ORLANDO, Fla. — The Orange County Commission voted in favor of adding more school resource officers (SROs).
- Cost for new SROs to be $11.2 million
- Breakdown of the cost will be shared by school board, commission and state
- RELATED: Demings, Jacobs point fingers over Orange County school officer vacancies
They approved the 75 additional positions with no qualms, saying safety is everyone's first priority.
The cost of this is $11.2 million, but the breakdown of who will pay will be shared between the school board, the board of county commissioners and the state.
In a memo, with Sheriff Jerry Demings, who is running for Orange County mayor, stated that it will take months or even longer before those officers are placed at a school.
“We have received an overwhelming response from certified law enforcement officers who are very, very interested with going to work in our schools, which is the good news, and now we just are just trying to get them on board ... ,” Demings said.
Paige Vick, a mother of an Orange County high school student, decided to come to the meeting to urge more action to be taken. Vick is also a survivor of the Las Vegas massacre and felt that experience gives her more insight into the urgency of the issue.

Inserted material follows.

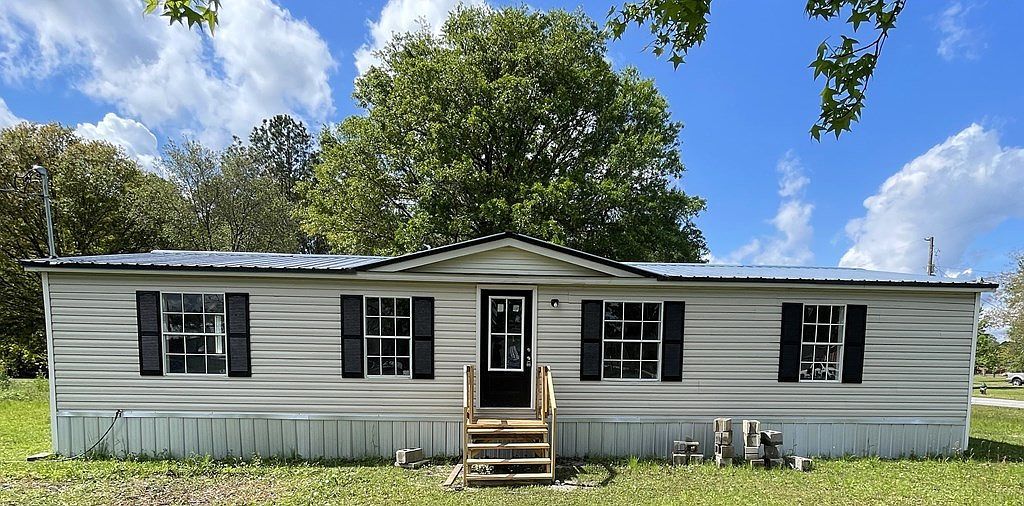 910 Arizona Ave Waycross, GA 31503 - Thumbnail 3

“You can’t erase what you saw, and it’s like what you heard. The people moaning and screaming," Vick said. “I don’t have to go to another concert. I really don’t have to leave my house, but these children have to go to school, it is our obligation to protect them.”
This approval did not come without discourse between the Orange County Sheriff's Office and Mayor Teresa Jacobs over the past few weeks and months.
However, she says despite the tension, she believes her working relationship with Sheriff Jerry Demings is salvageable.
"It's salvageable. Sometimes along the course of making, of trying to bring about change, you break some eggs. But I think what we have seen here in this community is that I do not believe that any relationships with public servants are not salvageable," she said.
Demings was not in attendance, but one of his majors was asked if the relationship was salvageable.
"The relationship remains professional, we want to make sure that the goal is the same, to provide safety for our community in the schools," said Maj. Angelo Nieves.
On Wednesday, Jacobs, a representative from the Sheriff’s Office and Orange County Public Schools will be sitting down together in a private meeting to discuss where to go from here and more specifically breakdown how much each entity will be expected to pay.